Bankers Trust Co., 108 B.R. at 428. The court found sufficient evidence of Braten’s control over the previous litigation to bind him to the prior judgment. Concerning Soi-fer, the court concluded:

As the only other shareholder of BAC, Soifer could be deemed to have participated in controlling the litigation in the revocation proceeding. While Bankers has not provided this Court with examples of Soi-fer’s “apparent day-to-day leadership role in the prior litigation,” Soifer was BAC’s only other shareholder, and he provided this Court with no specific evidence to rebut the highly plausible inference that he shared control of the proceedings.
In any event, it is clear that BAC and Soifer, one of its principal shareholders, had a substantial identity of interest in avoiding a finding of bankruptcy fraud. Besides the possibility of losing his investment, future litigation against Soifer was foreseeable given the previous amount of litigation between the parties and their hostile relationship.

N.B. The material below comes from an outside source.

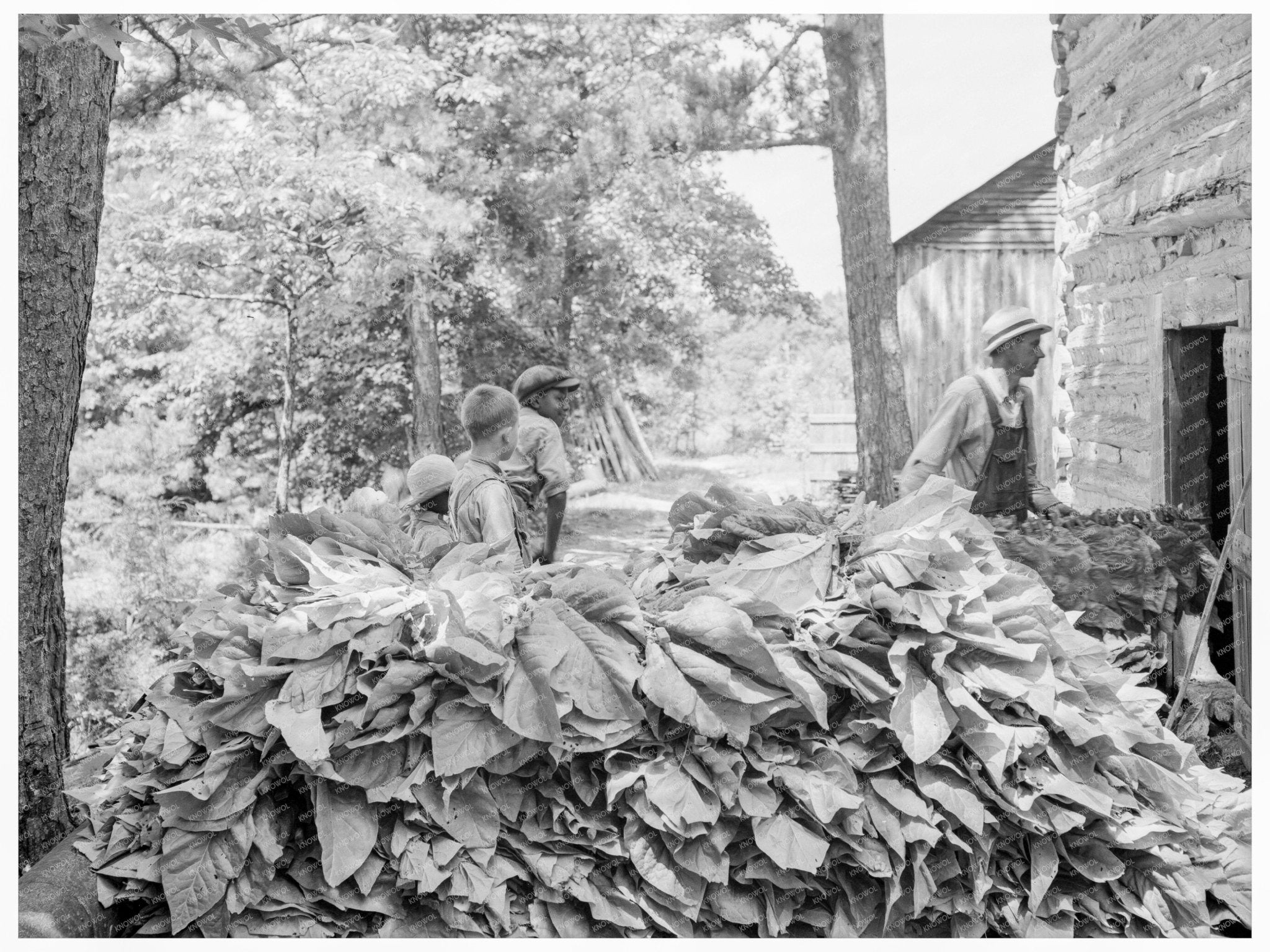 Tobacco Farming in Shoofly North Carolina 1939 - Available at KNOWOL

Because Soifer and BAC shared an identity of interest in the revocation proceeding, Soifer is bound by the bankruptcy court’s determination of bankruptcy fraud.

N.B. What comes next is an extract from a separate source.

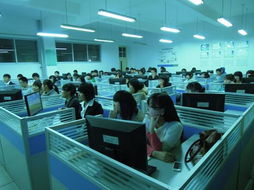 青岛职业技术学院软件与服务外包学院 培养软件外包服务专业人才的摇篮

Id., 108 B.R. at 429 (emphasis added) (citations omitted).

We conclude from the foregoing that under New York law, privity for res judicata and collateral estoppel purposes is a broad concept requiring courts to carefully consider all the circumstances of a given case in order to determine whether a nonparty actively participated in or controlled the first litigation or had such an identity of interest with a party to the first litigation that his interests were adequately represented. Applying this rule to the present set of facts, we find that Joseph Nakash was in privity with Jor-dache and Avi and Ralph Nakash in the New York action. Joseph testified in an affidavit in the West Virginia action that “my brothers and I, we are closely held corporations, we are very close corporations.” The Nakash brothers are alleged to have committed the same conduct in their dealings with RAC so that the determination of policy coverage of the conduct of one brother applies to the other brothers also. Further, there was an identity of interest between Joseph and his brotheis in that they all sought a declaration of coverage under the D & 0 policy and the benefit of its proceeds. The appellants have directed this Court’s attention to no facts, save the automatic stay, that severs Joseph’s conduct and interests from those of his brothers for res judicata and collateral estoppel purposes. We conclude, therefore, that Joseph had such an identity of interest with Jordache and his brothers in the New York action that his interests were adequately represented.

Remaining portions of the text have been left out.